Some, like State Sen. Sean Ryan, a Buffalo Democrat, did not mention Cuomo directly. But the inferences were clear, such as how Ryan said that there was “an active effort to shield the fact that nursing home residents were not safe during the pandemic.” He called on Zucker to appear before the Legislature to provide “full and complete answers” about the Covid nursing home situation.

Other Democrats were more direct. State Sen. Alessandra Biaggi, a Bronx Democrat who has not been shy about sharing her criticisms of Cuomo, said the New York State has “lacked integrity and compassion for the elderly” during the Covid pandemic.

“Few actions taken by this administration have been as egregious or appalling as this," she tweeted about the Cuomo administration soon after the James report was released.

There were other Democrats joining in to, from a newcomer from Syracuse complaining about lack of Cuomo administration transparency during Covid to an Albany veteran assemblywoman who called the underreporting of nursing home fatalities "alarming."

Assemblyman Richard Gottfried, a Manhattan Democrat first elected to the Assembly in 1970 and the longtime Assembly health committee chairman, said the James report revealed how the Cuomo administration had “hidden from the public” information about thousands of additional nursing home residents who died of Covid after they had been transferred to hospitals in their final days or weeks.

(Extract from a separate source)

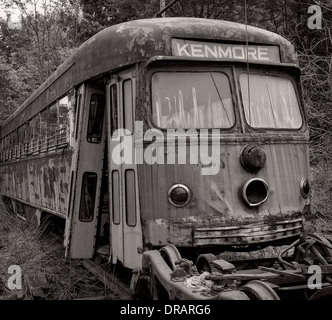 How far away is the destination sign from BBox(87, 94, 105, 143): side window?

Gottfried called the situation “unconscionable but not surprising” given how lawmakers, reporters and the public have been asking since last spring for the Cuomo administration to give a full accounting of Covid deaths among nursing home residents.

State Sen. James Skoufis, an Orange County Democrat and chairman of the Senate investigations committee, called the James’ report a “truly independent” probe of what happened in nursing homes under the governor’s watch.

Skoufis has been threatening to issue subpoenas to the Cuomo administration to get more information about the spread of Covid in nursing homes.

Hank Sheinkopf is a veteran Democratic political consultant who has had a top shelf list of clients over the decades in New York and nationwide. He said what happened Thursday with Democrats is a result of Cuomo being in office for so long and having chilly – or no – relations with so many Democratic members of the Legislature.

“They don’t like the governor and they want to put him in his place. They don’t like the attention he’s gotten," he said.

For almost as long as Cuomo has been governor, Democrats in the Legislature have grumbled about him – mostly in private, off-the-record conversations. He helped Republicans retain control of the State Senate for too long, they complained. He was too close to wealthy interests, whether real estate developers or Wall Street hedge fund executives or Hollywood elitists who were the beneficiaries of his lucrative tax break policies.

Their response – or lack of one Thursday – was not about right or wrong, Sheinkopf said: "This is about getting rid of a dominant figure who they think has just been around too long."